Album Review: Bibio – Ribbons

Listening to Ribbons, Bibio‘s 10th album (7th on Warp Records), it’s hard not to feel like Stephen Wilkinson has something he wants to tell you.

That might seem a little odd for an artist so dedicated to the crafting, to the musicality, of making a record. But the early movements of Ribbons adopt such a cohesive outlook that it’s tricky not to sense some underlying meaning. For one thing, the first eight tracks of Ribbons manifest a much broader move towards earthy, folk-orientated instrumentation, and is (mostly) a collection of wonderfully delicate, almost classical guitar compositions.

For another, there’s a recurring focus on the influence of small, apparently inconsequential happenings in the world and how meaningful truly they are.

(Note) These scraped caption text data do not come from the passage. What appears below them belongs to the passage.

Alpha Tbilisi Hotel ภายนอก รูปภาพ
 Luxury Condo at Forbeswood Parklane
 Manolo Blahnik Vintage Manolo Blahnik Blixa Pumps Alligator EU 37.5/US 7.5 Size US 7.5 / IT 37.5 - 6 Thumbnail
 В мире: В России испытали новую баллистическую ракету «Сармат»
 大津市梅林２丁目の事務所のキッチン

On ‘The Art Of Living,’ Wilkinson considers the lessons learned watching life in bloom or remembering micro-experiences of personal flaws. On ‘Curls’ he chronicles the instructive hidden meanings of watching nature at work – “To find a stone just to bounce across the pond / Is the path it makes that’s a clue to other songs” – and leans into seemingly prosaic memories given new weight by artful instrumentation.

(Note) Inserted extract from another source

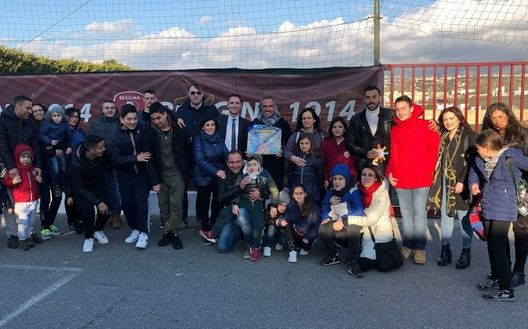 Il direttore sportivo Massimo Taibi, il tecnico Domenico Toscano e i calciatori Desiderio Garufo e Gabriele Rolando, hanno accolto al Centro Sportivo Sant'Agata, l’Associazione “Il Volo delle Farfalle – evoluzione autismo”. Il direttore sportivo Massimo Taibi, il tecnico Domenico Toscano e i calciatori Desiderio Garufo e Gabriele Rolando, hanno accolto al Centro Sportivo Sant'Agata, l’Associazione “Il Volo delle Farfalle – evoluzione autismo”.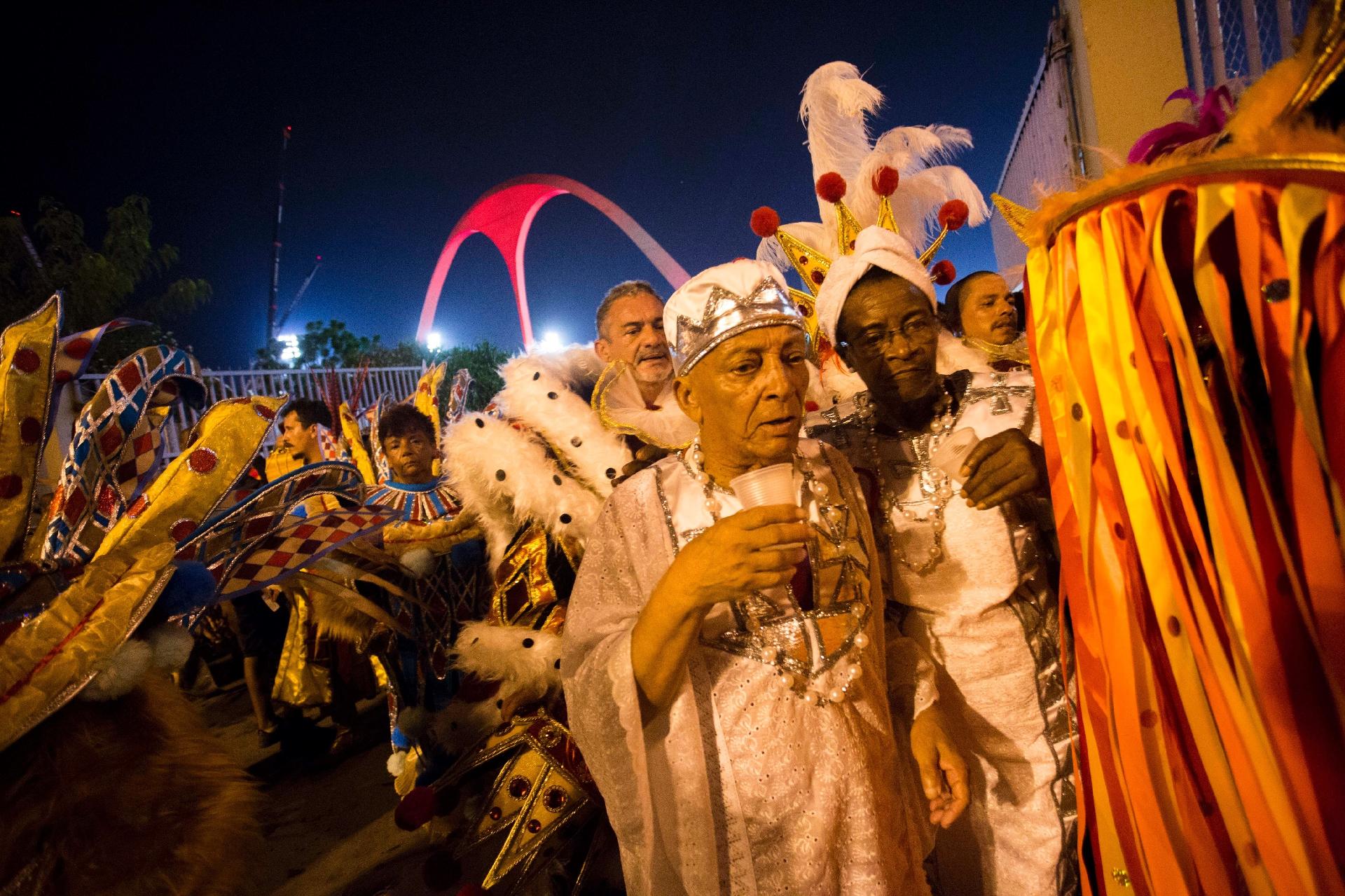 Carnaval Beija Flor Se Destaca Em Noite Marcada Por Acidente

Wilkinson, it seems, has been taking the time to pay attention to the things around him – and hopes you will too.

Which seems like a timely fixation, when much of society’s discourse is bothering over what might or might not be the really real reality, and what might be a mirage. Over whose truth might be true to you and which lies might be truisms in disguise. The entire aesthetic of Ribbons turns away from this misstep and quietly asserts the value of simple pleasures and how hugely important paying them attention can be.

Only on ‘Watching The Flies’ does Wilkinson appear, perhaps, vaguely, to frame this against the state of the world. “July comes, the sun alludes you / I know, you can’t afford a room with a view,” he sings, a nod to how easily we become separated from straightforward, costless moments of pleasure.

This is not a wholly new theme in Bibio’s work. On Ambivalence Avenue, he sung of hidden words and on A Mineral Love he worried about “time eaten by the city.” But on Ribbons, the care he shows for the little things is matched by careful and largely unadorned instrumentation that paints a pastoral scene of bucolic joys.

That’s not to say it’s bereft of the production traits so recognizable of Bibio’s work. ‘Before’ and ‘Old Graffiti’ draw on the soulful strut found on A Mineral Love. ‘Pretty Ribbons And Lovely Flowers’ sees Wilkinson reaching once again for haunting sound manipulation, forming something deeply affective with his distinctive approach to electronic music.

But Ribbons’ often pristine production seems to speak of a clarity in its creator’s mind. Ribbons isn’t an ode to nature, nor is it a catalogue of all the reasons to be happy (“who’d have thought / we’d turn our home to hell” he sings on ‘Curls’). But it is a reflection of how the things we so easily overlook – the sounds of nature, the turning of seasons, the mundane images can make the most treasured memories – can have such a huge impact on how we see the world.